"The most wasted of all days is one without laughter." ~e e cummings

Friday, March 8, 2013


We've had...a little bit of brother-togetherness lately, as Winter decided to dump 10-inches of I'm-Not-Over-Yet Arrogance on our town on Wednesday. Thousands of my neighbors, and a handful of schools in our county, have been without power (we were very lucky to have only a few flickers), so we've been at home. Together.

And it's been great.

Except for when it wasn't. Because, as everyone knows, togetherness is Great. Until it isn't.


Evan: You have to say you're sorry.
Max: You're sorry.
E: No, you have to say you're sorry.
M: Sorry.
E: You have to say you're sorry and mean it.
M: I'm sorry and I mean it.
E: Louder so I can hear it.
M: Sorry.
E: What?
E: That's TOO loud, Max.
Me (banging head on counter): STOP IT! YOU CANNOT BE THE BOSS OF HIS APOLOGIES.


Me, to Max: "Max, stop jumping on my bed when you're wearing my shoes."

Later: "Max, careful on the stairs...those [satin, sequined, magenta ballet flats] are slippery."

And the next day: "Evan, don't run so fast, it's hard for him to keep up when he's wearing my heels."


Evan: You know, you can't tell the snow where to fall.
Me: Nope, you can't. That's nature for you.
Evan: I'm just so frustrated.
Me: What? Why?
Evan: It's just so not fair that we can't tell snow where to fall.


Max: So, I'm Pocahontas and you're John Smith.
Evan: I don't want to be John Smith, I'm ALWAYS John Smith.
Me, interrupting: What "always"?? You guys just saw that movie for the first time last night! How many times have you had to be John Smith?
Evan: Well, once. And that's the same as always because we only played it once.
Max: Fine. You can be Pocahontas.
Evan: Max! I don't want to be Pocahontas!
Max: Okay, you can be John Smith.
Evan: Fine.


Me, to two whiny, bickering boys: I don't understand how you two can be anything other than happy right now! It's a SNOW DAY! KIDS LOVE SNOW DAYS. JUST BE HAPPY. AND BE NICE. IT'S THE EASIEST THING IN THE WORLD TO BE NICE.
Max: You know, it's not nice to yell.
Me: I'm not yelling. I'm talking loudly. And seriously.
Max: Then make your eyes look like this. [Raises eyebrows and smiles a Shirley Temple smile.]

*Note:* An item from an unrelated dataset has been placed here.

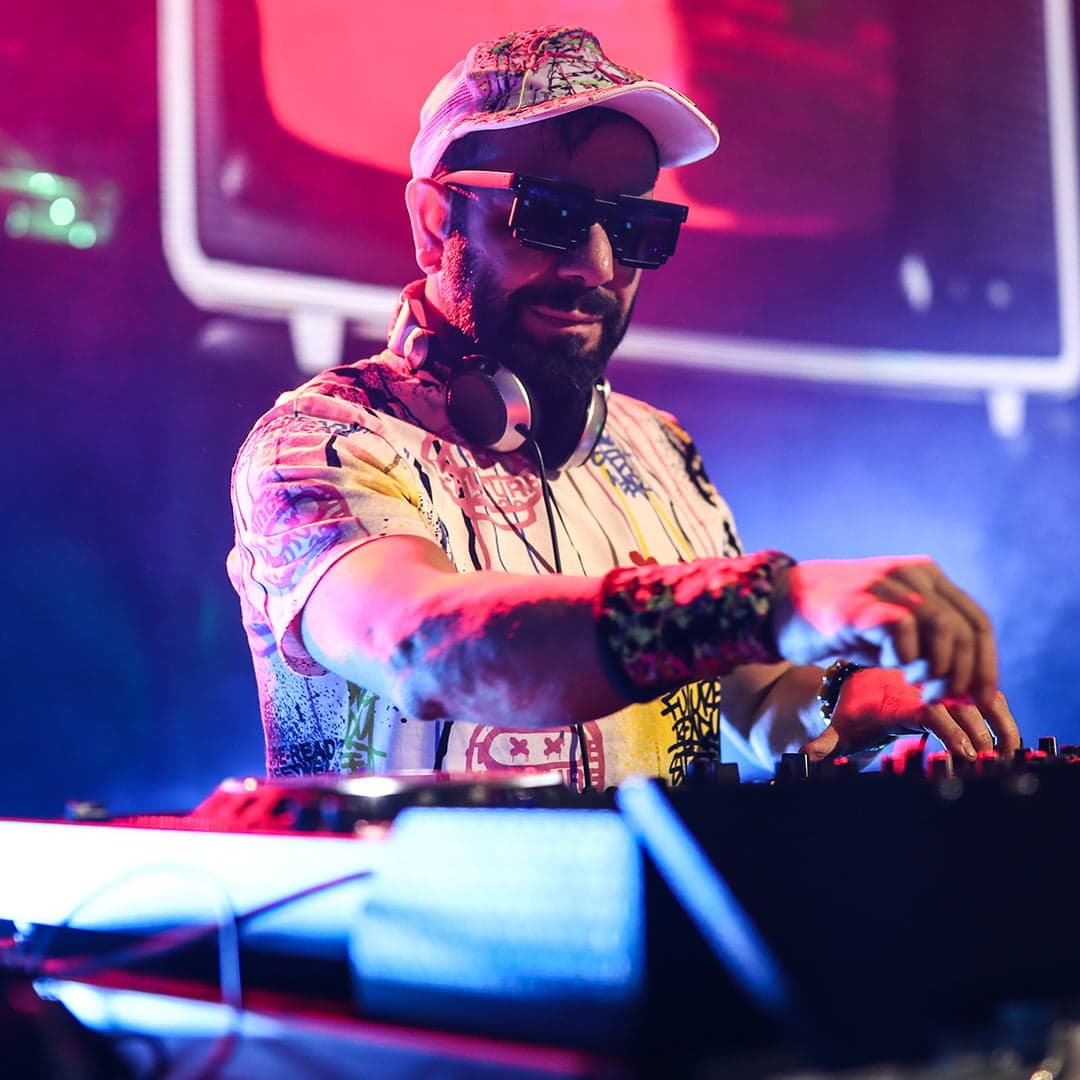 Dj Hakan Küfündür ile 90lar ve 2000ler Türkçe Pop Parti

Max: I would like strip tease.
Me: Cheese, Max. Ch-ch-cheese, not 'tease.'  And....let's call it "shredded," okay?


Max: When I grow up, I'm going to be a Doctor Baker and have a town-home full of neighbors. Evan, you can work at my town-home, too, but you can't be a fancy job like me, you can have a normal job, like a mailman. But you can live at my town-home and I'll make you sweets and you can help me at my Doctor Bakery. You can be my assistant! And Molly, and Olivia, and Lauren, and Anna, and Meg, and Elizabeth can be my assistants! And you can all live in my town-home full of neighbors!!

Evan: Max. WHAT are you TALKING ABOUT?


Max: Do you want to play with me?
Evan: No.
Max: Mom! Evan doesn't want to play with me!
Me: Well, maybe he's busy. Maybe he'll be ready to play with you a bit later.
Max: Evan, do you want to play with me later?
Evan: Yes, Max.
Max: [pause] Is it later?
Evan: No, Max.
Max: Can you play with me NOW?
Evan: When I'm done!
Max: FINE! Then I'm not playing with you EITHER!
Evan: Max, do you want to play?
Max: LATER! [pause] Okay. Now is later.


Lesson Learned:

Ready for spring? Why, yes. Quite. Thank you.

1 comment :

  1. Sarah, I just peed myself a little bit.